— А был он жлобом и…
— А еще эта чернозадая дура, — подхватил Илюхин, болезненно, как при коликах, морщась.
— Эта чернозадая дура, — не оборачиваясь произнес Андрей, — говорит по-здешнему, да еще и стихами. А ты и по-русски-то не вполне. Я знаю десяток латинских поговорок, историк вон — через пень-колоду. Что, Святослав Василич, если братец сбежал, вам переводить придется-то.
— Я не совсем… — растерялся Святослав, ероша бороду, и поежился, кутаясь в безобразно растянутую холостяцкую майку, на животе которой еще виднелись следы жарки картофеля без передника. — Я не уверен… Ночью будет дождь. А дожди здесь…
— Санечка! — рявкнул Белаш.
Но и парень в черно-оранжевой куртке делся куда-то, как будто ветром его сдуло.

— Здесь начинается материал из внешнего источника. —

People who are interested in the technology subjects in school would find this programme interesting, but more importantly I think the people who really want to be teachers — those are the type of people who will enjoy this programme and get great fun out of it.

— Дотрепались, — подытожил Андрей и на всякий случай дослал патрон в патронник. — Довыступались гражданин Белаш. Кто вязал пленных? Ваш малохольный Саня? Я ничуть не удивлюсь, если сейчас на пороге стоит легион солдат, или как тут внутренние войска называются, подскажите?

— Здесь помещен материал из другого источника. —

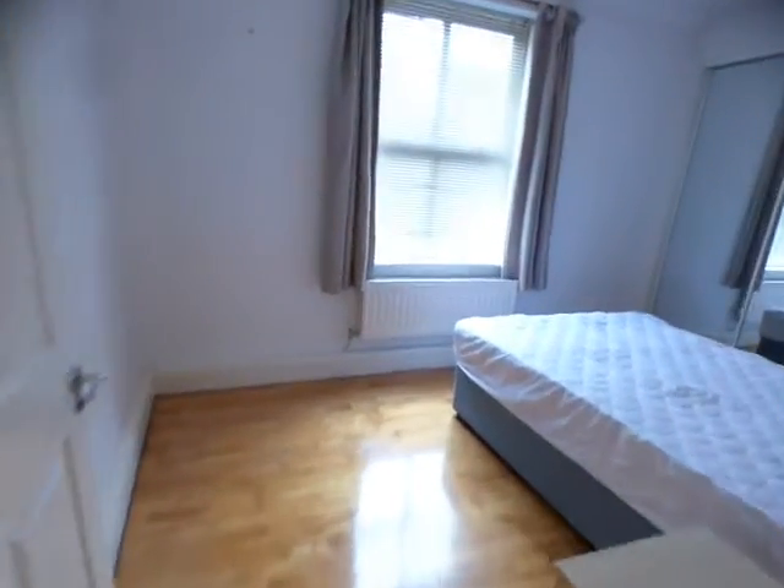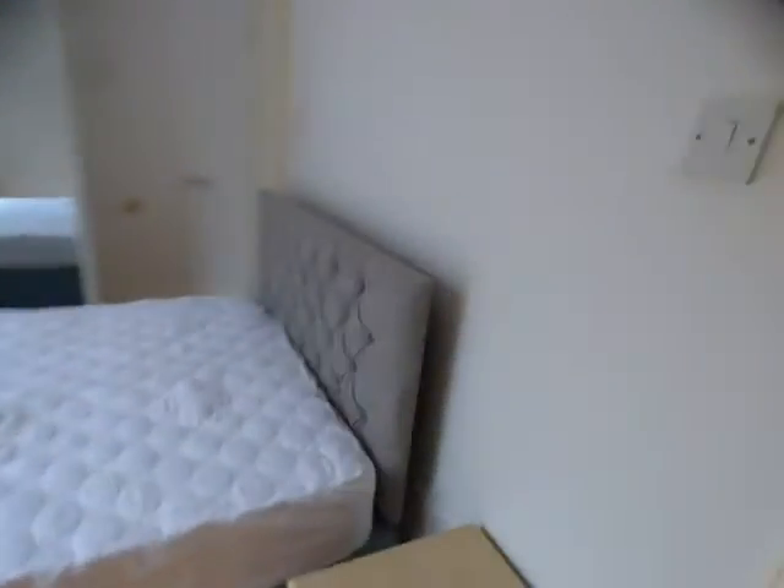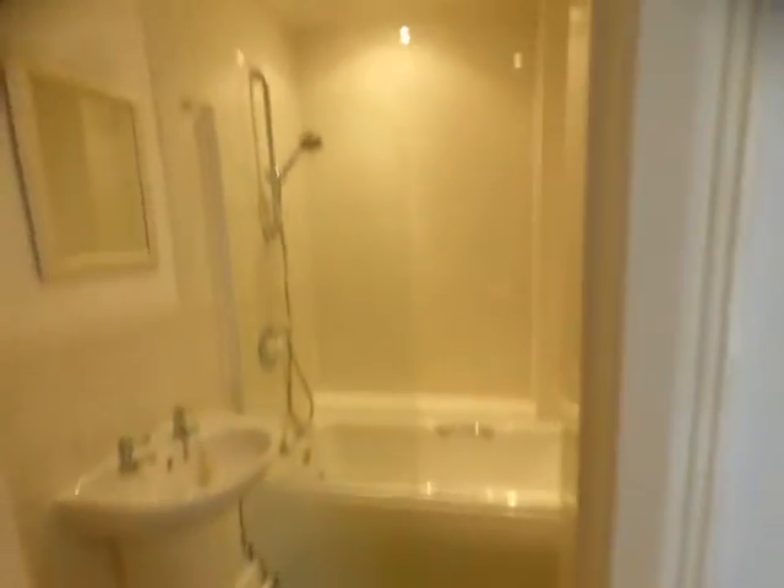There's a large double bedroom with mirror fronted wardrobes. This room has also got an ensuite bathroom, which is fully fitted with a shower over the bath.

— Один раз мы их побили… — заклекотал Белаш.
Андрей не слушал, он быстром шагом пробирался между древними могилами, взглядом нашаривая две знакомо белые спеленутые фигуры. Нашел только одну, и это сразу, еще пока глаза не привыкли к полумраку» ему не понравилось.

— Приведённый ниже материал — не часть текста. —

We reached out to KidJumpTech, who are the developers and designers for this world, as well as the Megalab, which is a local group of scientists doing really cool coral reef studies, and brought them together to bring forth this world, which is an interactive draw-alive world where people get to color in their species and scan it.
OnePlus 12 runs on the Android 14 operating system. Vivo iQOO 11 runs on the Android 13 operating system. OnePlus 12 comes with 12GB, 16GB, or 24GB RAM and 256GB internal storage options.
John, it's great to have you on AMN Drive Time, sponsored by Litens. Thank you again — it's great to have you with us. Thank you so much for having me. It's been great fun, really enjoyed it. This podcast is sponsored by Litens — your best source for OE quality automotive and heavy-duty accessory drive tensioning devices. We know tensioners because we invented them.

— Заткнитесь все, — прошипел он, присаживаясь на корточки перед лежащим у плиты римлянином.
Поза того казалась еще более, если только такое возможно, неудобной. Когда патриция, перемотанного красными полосками скотча с ног до головы, бросили здесь, он упал навзничь, придавив собственные руки. Теперь же, хотя тело лежало ничком, а извоженная в земле тога задралась, обнажая сзади хорошо сформированные, хотя и покрытые негустой шерстью икры ног, лицо его по-прежнему было обращено на запад и отчасти вверх по склону холма, потому что голова запрокинулась и повернулась под непривычным и неприятным углом. А на шее добавилась еще одна красная, нет, уже бурая, подсохшая полоска, неровные потеки шли от нее за ворот тоги, застегнутой на плече драгоценной пряжкой, и вниз, на черную, поросшую мелкой колючей травкой землю кладбища.
— Ну, Дмитрий Васильевич… — негромко протянул Андрей. — Недооценил я вас, Дмитрий Васильевич.
* * *
Вечер в харчевне Апатия, что на Аппиевой дороге всего в нескольких стадиях от Капенских ворот Рима, завершался, как и тысячи других вечеров. Когда с черного, наполовину затянутого тучей, неба рухнули первые, тяжелые, будто сливы, капли, одноглазые ветераны, отпущенные женами под честное слово с десятком сестерциев на базар, уже выпили и отпели свое. Уже отскандалили и вышли на свежий воздух разбираться молокососы, мнящие себя золотой молодежью Вечного города, которым хмель, как и старым запойным пьяницам, ударяет в голову быстро, после пары-другой кружек перебродившего солода, именуемого здесь не пивом, а сидром. Да и сами старые пропойцы уже нашли в себе силы подняться с длинных скамей и, оставляя за собой плотный шлейф винных паров, покачиваясь скрылись в ночи, почтительно побуждаемые и поддерживаемые специально обученными рабами.
Наступил час, когда управляющий заведением Апатий — вольноотпущенный-финикиец — обходил все три питейных зала и вежливо, но настойчиво приглашал на выход засидевшихся посетителей. Он выставил поэта, брошенного сразу двумя знатными матронами и исчерпавшего все кредиты у гетер, а потому и твердо решившего перед тем, как свести счеты с жизнью, написать стихотворение, обличающее всех женщин мира. Не без труда вернул к реальности двух молодых людей в коротеньких, по последней моде, хламидах, самозабвенно игравших, выбрав угол потемнее, в кубарь и починок.